Monday, October 21, 2013

Movie of the Week – Black Narcissus

This week’s movie: Black Narcissus (1947).

Five nuns, led by Sister Clodagh, are tasked with opening a convent high within the Himalayas, but they soon find themselves overwhelmed by the beauty and exotic majesty of their surroundings.

Black Narcissus is one of the Archers’ (Michael Powell & Emeric Pressburger) four great Technicolor masterpieces (the others being: The Life and Death of Colonel Blimp, A Matter of Life and Death, and The Red Shoes). The Archers work with composer Brian Easdale, cinematographer Jack Cardiff (who won an Oscar for his work), and production designer Alfred Junge/costume designer Hein Heckroth (Junge also won an Oscar for the film) – all frequent and brilliant collaborators.

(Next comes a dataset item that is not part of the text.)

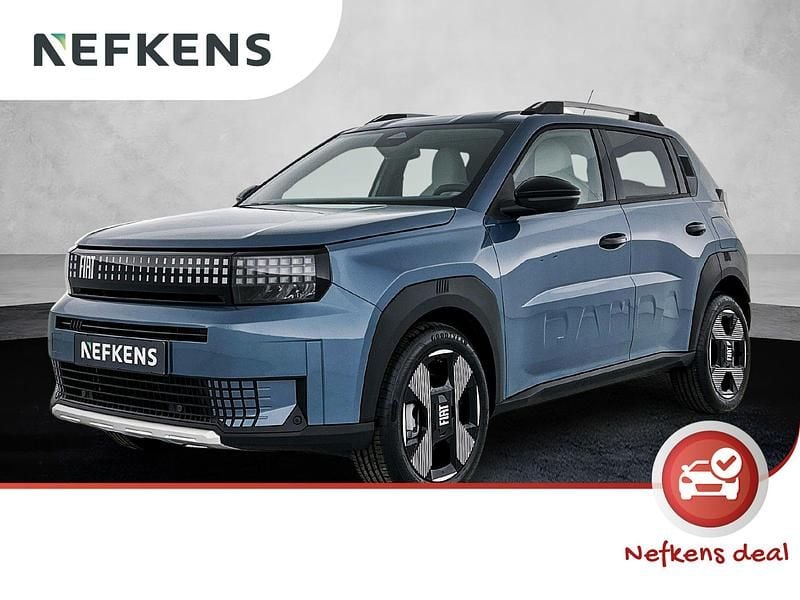 Blauw Nieuw 2025 Fiat Panda La Prima SUV | € 27.817 (Eerlijke prijs) - Afbeelding 1/4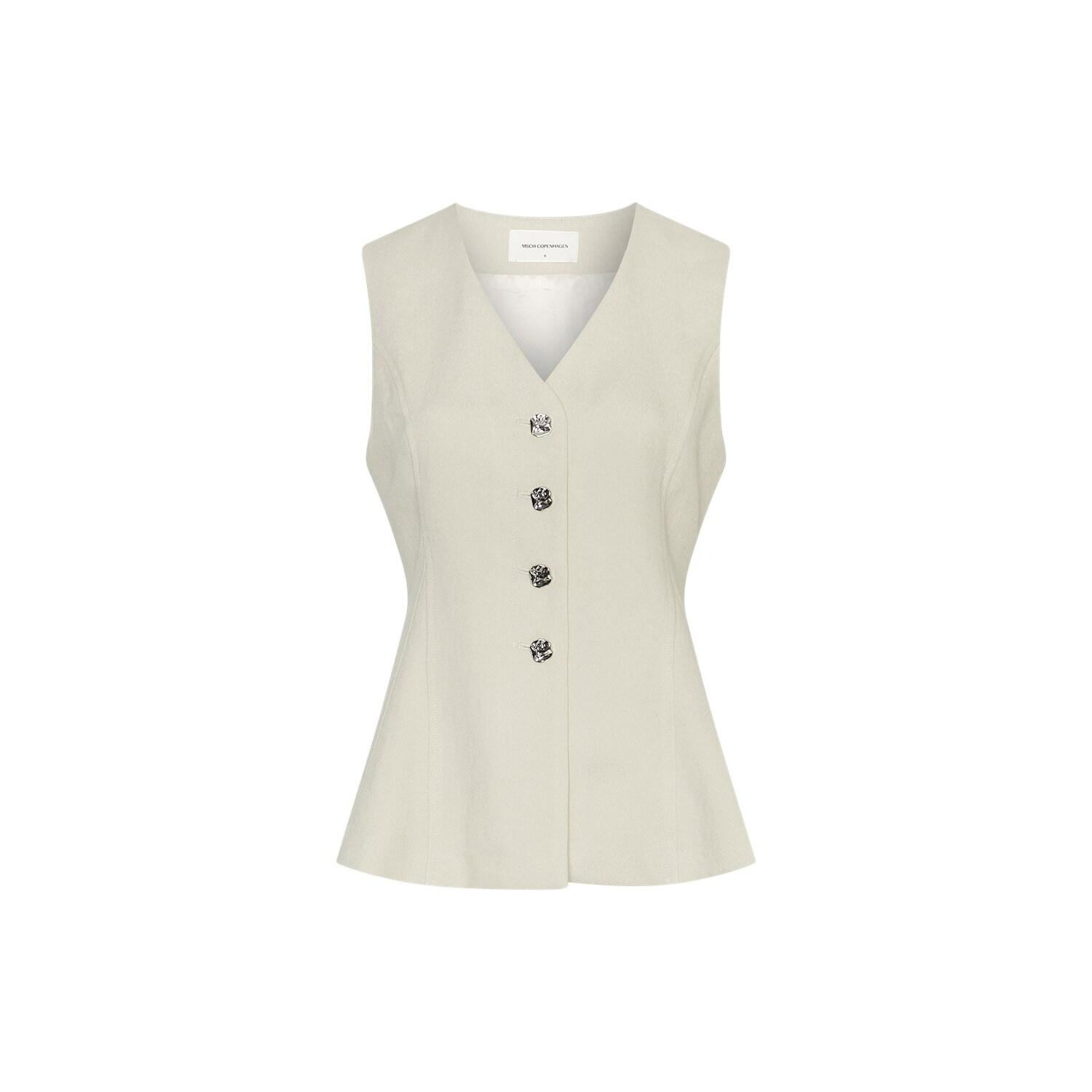 5712808859449 - Damenweste mit silbernem Knopf Moss Copenhagen Esteriane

The film was shot in its entirety in Britain, mostly in a studio, and yet many believe that it was shot on location in India (some even claim they recognize landmarks and places seen in the film from their travels in India), which is a testament to just how magnificent the technical and aesthetic work is on the film – it is just a stunningly beautiful piece.

The film stars Deborah Kerr (and she is wonderful) and features very strong work from its entire supporting cast, namely Kathleen Byron (who creates one of cinema’s most astounding villains), Sabu, David Farrar, and Jean Simmons.

Black Narcissus was my introduction to the Archers, and it changed everything. Their films during the 1940s are aesthetically enchanting, highly compelling, and purposely and poignantly written (especially their four Technicolor outings). It is my opinion that their work during the 1940s in terms of the overall quality of a body of work is unequalled by any other filmmaker during a decade in film history (though, one can argue Alfred Hitchcock’s 1950s, Akira Kurosawa’s 1950s, Francis Ford Coppola’s 1970s, and maybe even Christopher Nolan’s 2000s). They are among my personal top five directors of all-time. Getting back to the film, it is both a brilliant character drama about repressed emotions (specifically sexuality and desire) and a tense thriller as good as any in the genre. It is one of the best films ever made and one that should not be missed.